Petitioner undeniably has a due process right under both the federal and Florida constitutions to defend himself against the criminal charges and to call witnesses on his behalf. U.S. Const. amend. V; Fla. Const. art. 1, § 9. Under Florida Rule of Criminal Procedure 3.220(d)(1), a defendant's right to call a particular witness at trial is conditioned upon his furnishing the prosecutor with the witness' name and address prior to trial. McDugle v. State, 591 So.2d 660, 661 (Fla. 3d DCA 1991). A criminal defendant is not required to present any defense to the charges, and his mere disclosure of potential witnesses or other evidence pursuant to rule 3.220 does not obligate him to put on a defense. However, his failure to file a written discovery response under that rule can prevent him from exercising his constitutional right to present a defense, if the state can demonstrate that it was prejudiced by the defendant's failure to comply with the discovery requirements of the rule. McDugle, 591 So.2d 660; Hernandez v. State, 572 So.2d 969 (Fla. 3d DCA 1990). Disclosure under these circumstances would place too high a cost on the petitioner's decision to preserve his ability to invoke his constitutional rights in the criminal case.
Respondents rely upon Saenz v. Alexander, 584 So.2d 1061, 1063 (Fla. 1st DCA 1991), in which a criminal defendant waived the privilege for the purpose of the related civil suit by entering into a deferred prosecution agreement with the state in which he agreed to psychiatric treatment and to the release of his psychiatric records to a third party — his probation officer. The court found that the voluntary disclosure to the probation officer removed the confidentiality of the communications for all purposes.

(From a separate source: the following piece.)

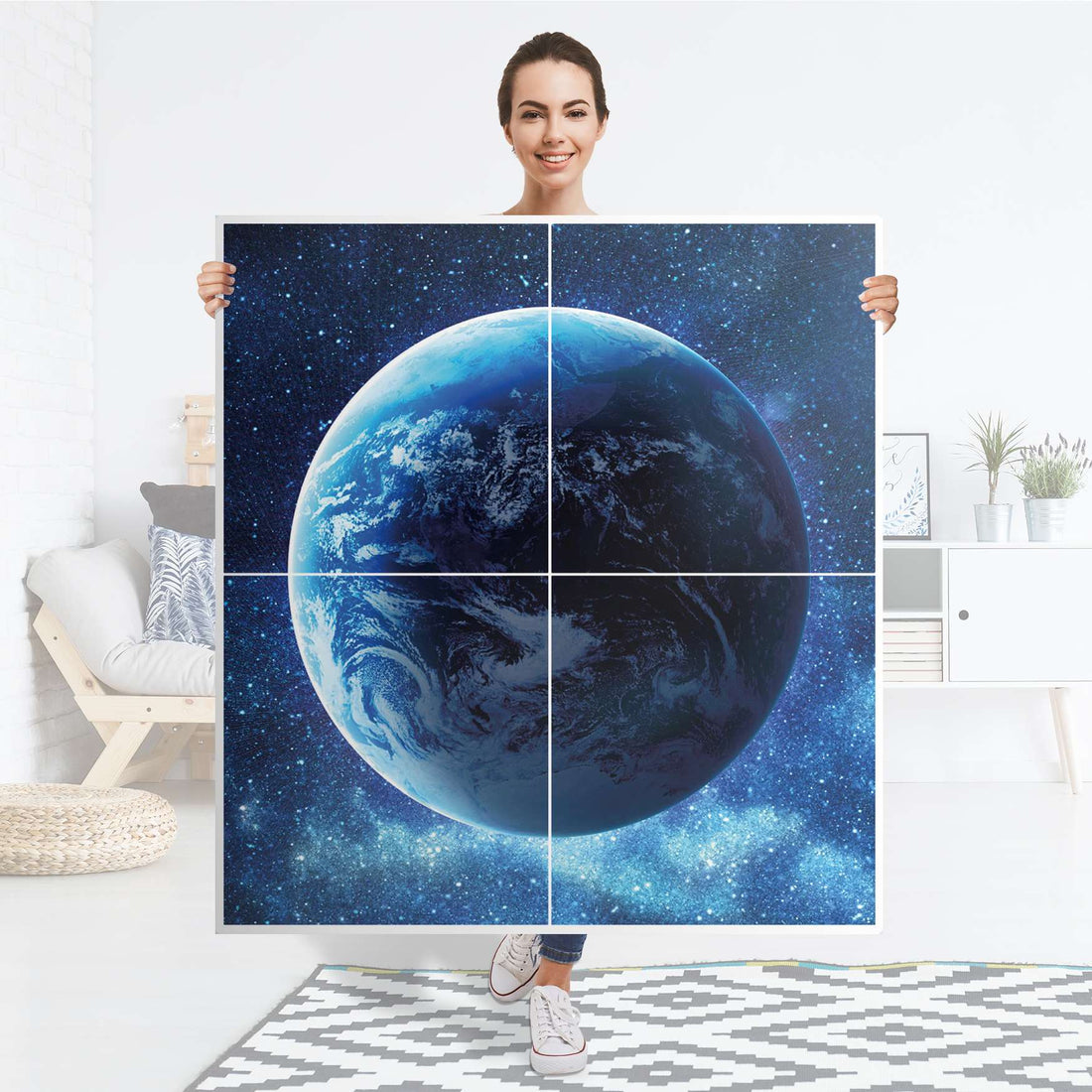 Klebefolie für Schränke Planet Blue - IKEA Besta Schrank Quadratisch 4 Türen - Folie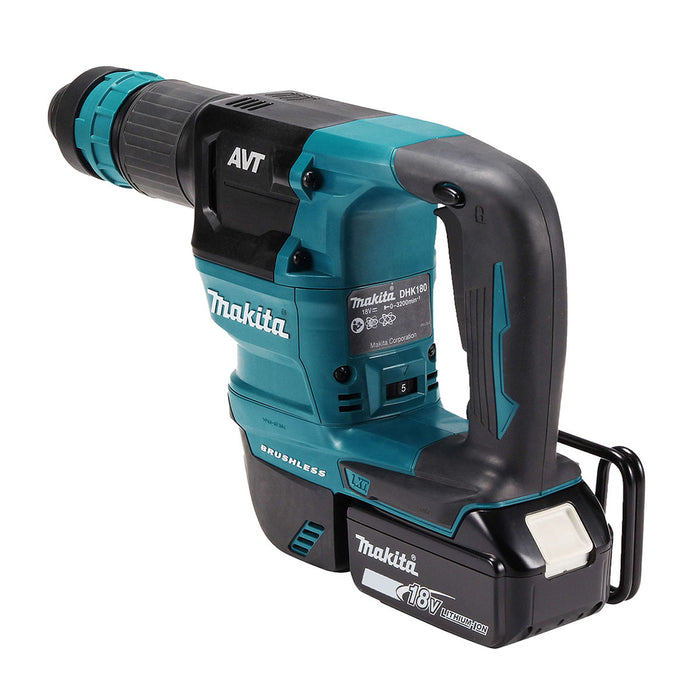 Máy đục bê tông Makita DHK180 dùng Pin 18V LXT đuôi gài SDS-Plus, công nghệ AVT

The Saenz court made it clear that the same result would not necessarily be reached if the criminal defendant would have been compelled to forego a constitutional right in connection with the criminal case in order to retain the privilege in the civil case. In Saenz, participation in the deferred prosecution program was a benefit, not a constitutional right, which the defendant chose despite the warning that his psychiatric records would be disclosed to a third party, who was not one of the persons listed in section 90.503 to whom disclosure could be made without destroying confidentiality. Id. at 1063. That is the factor that distinguishes the situation here.
In short, our holding is that the finding of waiver was premature.
GUNTHER, C.J., and GLICKSTEIN and STEVENSON, JJ., concur.